◆ Materials provided
━━━━━━

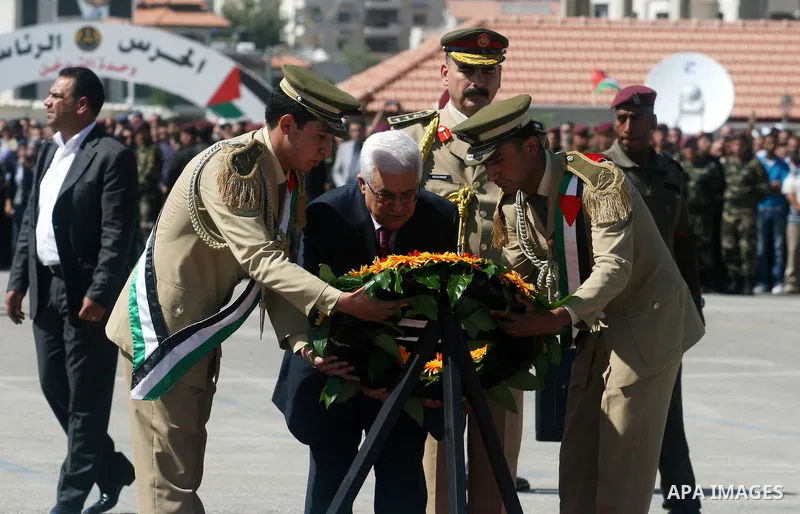 Palestinian President Mahmoud Abbas (C) prays over flag-draped coffins during the funeral of 91 Palestinians whose remains were returned by Israel at the Palestinian leadership headquarters in the West Bank city of Ramal...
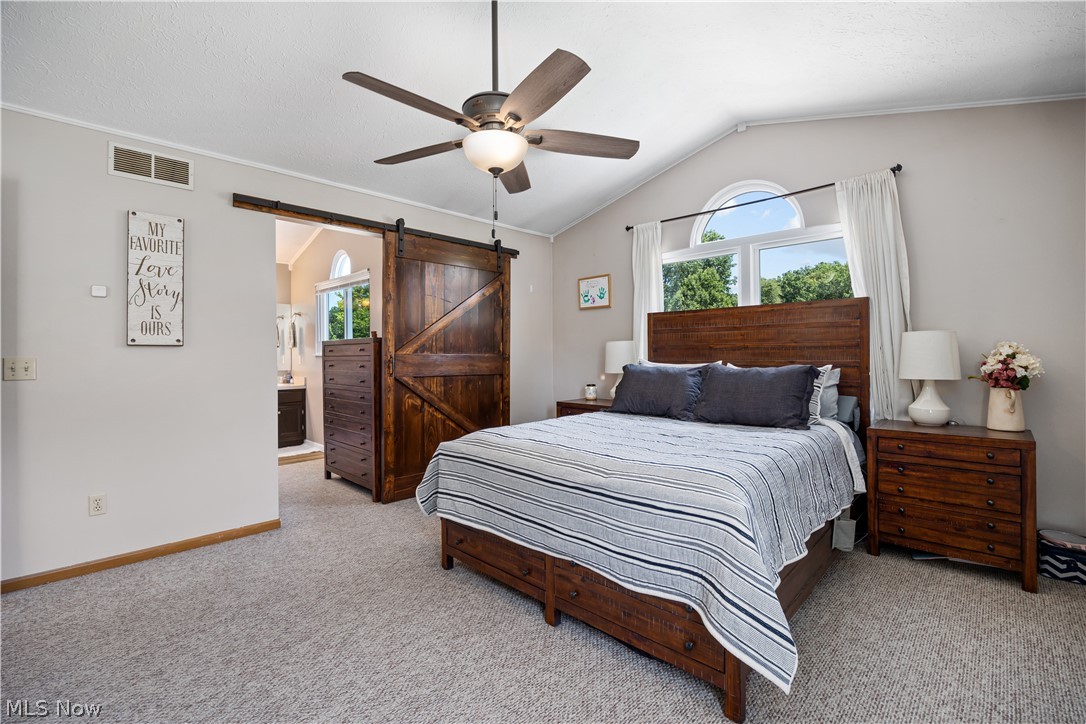 684 Guilford Road Vermilion, OH 44089 - Photo 22 of 37 Bedroom with multiple windows, ceiling fan, connected bathroom, and a barn door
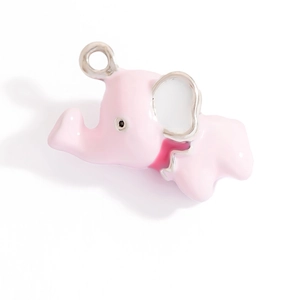 Close-up of cute pink enamel elephant charm with silver ring for jewelry making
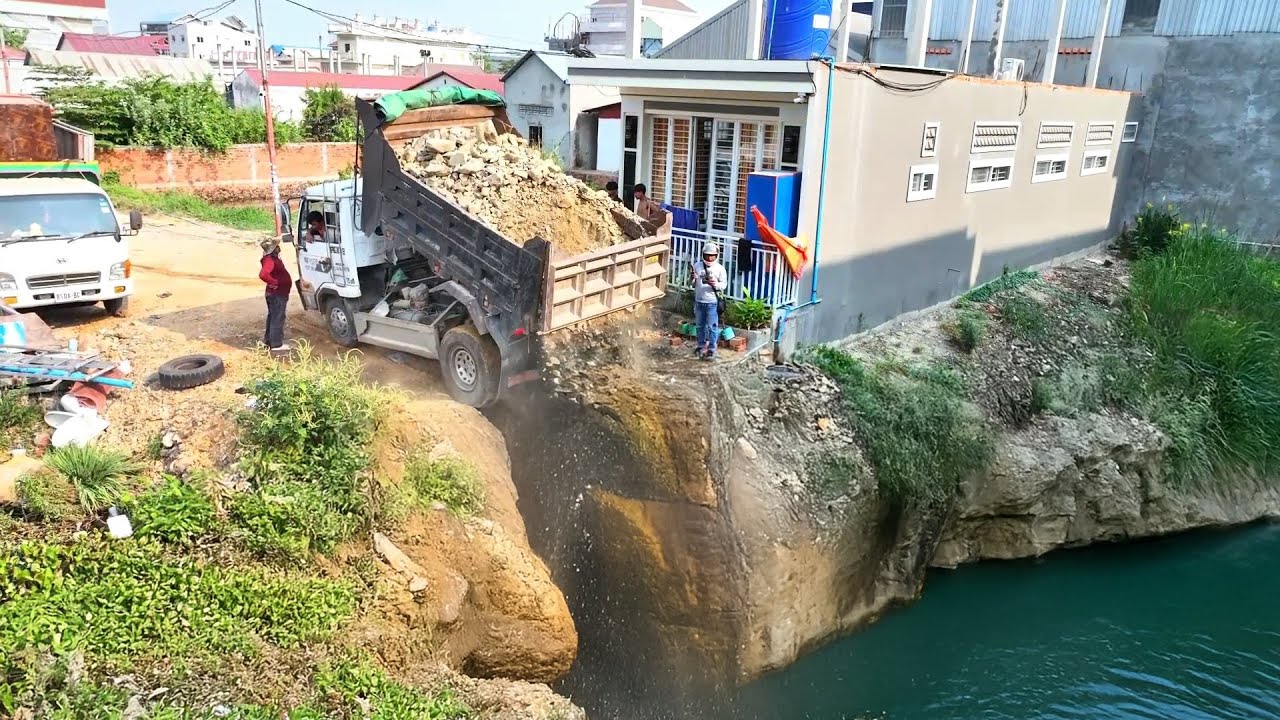 Construction Site Action: Watch a Dump Truck 5ton Deliver Bulk Dirt & Rocks into the Water..?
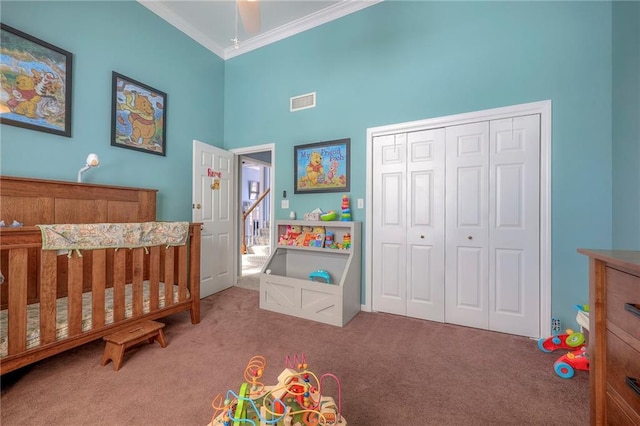 carpeted bedroom with a towering ceiling, ornamental molding, a closet, and a crib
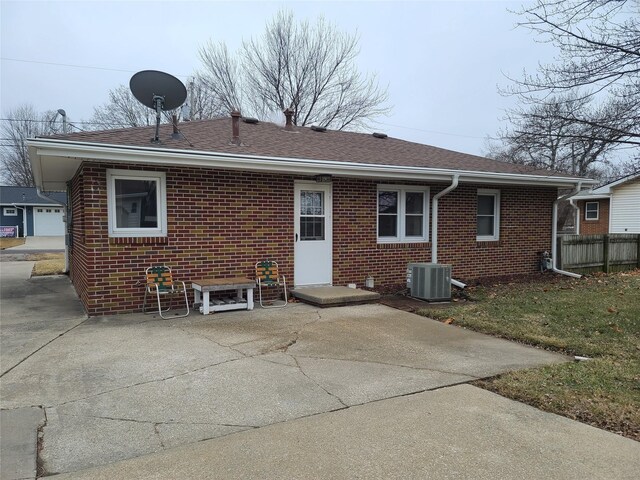 back of property with central AC unit and a patio area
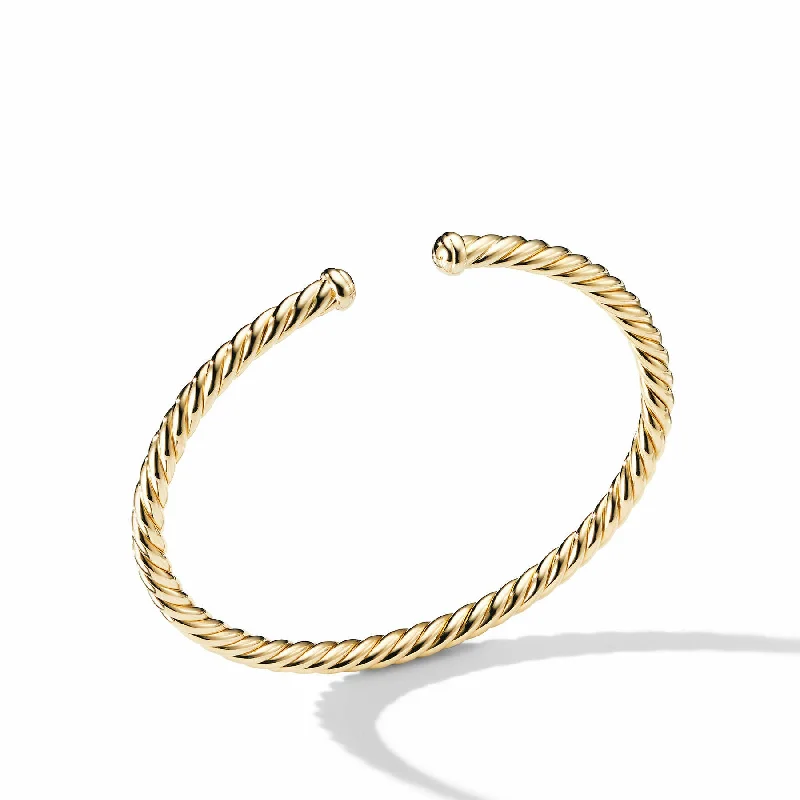 Vintage bangles with intricate filigree metalwork -David Yurman  Bracelet in 18-Karat Yellow Gold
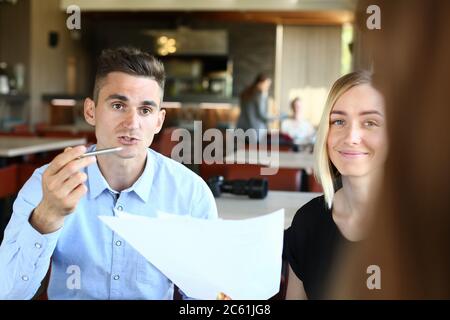 Lächelnde Menschen diskutieren im Café über Arbeitsfragen Stockfoto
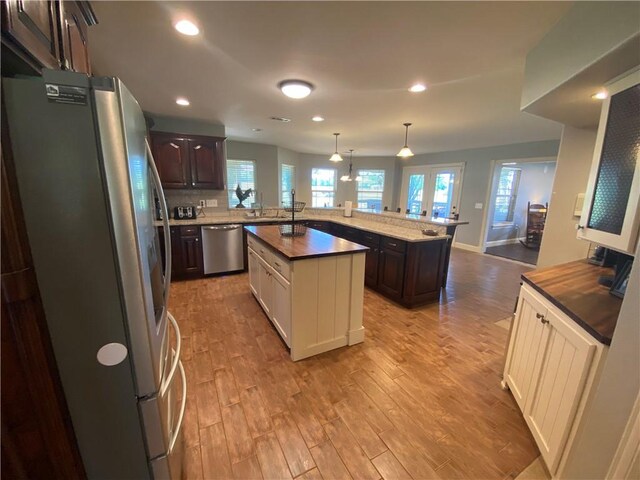 kitchen featuring stainless steel appliances, an island with sink, dark brown cabinets, and kitchen peninsula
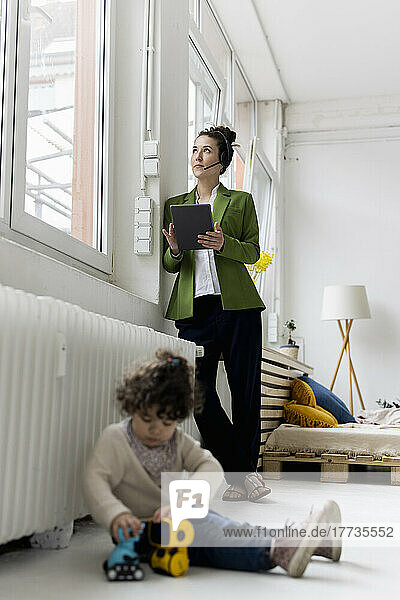 Young businesswoman standing at window working  whilde daughgter is playing on floor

━━━━━━

◆ What to do
Would you retype the listing above exactly, omitting its pictures?

◆ Solution below
 Palestinian President Mahmoud Abbas (C) prays over flag-draped coffins during the funeral of 91 Palestinians whose remains were returned by Israel at the Palestinian leadership headquarters in the West Bank city of Ramal...
 684 Guilford Road Vermilion, OH 44089 - Photo 22 of 37 Bedroom with multiple windows, ceiling fan, connected bathroom, and a barn door
 Close-up of cute pink enamel elephant charm with silver ring for jewelry making
 Construction Site Action: Watch a Dump Truck 5ton Deliver Bulk Dirt & Rocks into the Water..?
 carpeted bedroom with a towering ceiling, ornamental molding, a closet, and a crib
 back of property with central AC unit and a patio area
 Vintage bangles with intricate filigree metalwork -David Yurman  Bracelet in 18-Karat Yellow Gold
 Lächelnde Menschen diskutieren im Café über Arbeitsfragen Stockfoto
 kitchen featuring stainless steel appliances, an island with sink, dark brown cabinets, and kitchen peninsula
 Young businesswoman standing at window working  whilde daughgter is playing on floor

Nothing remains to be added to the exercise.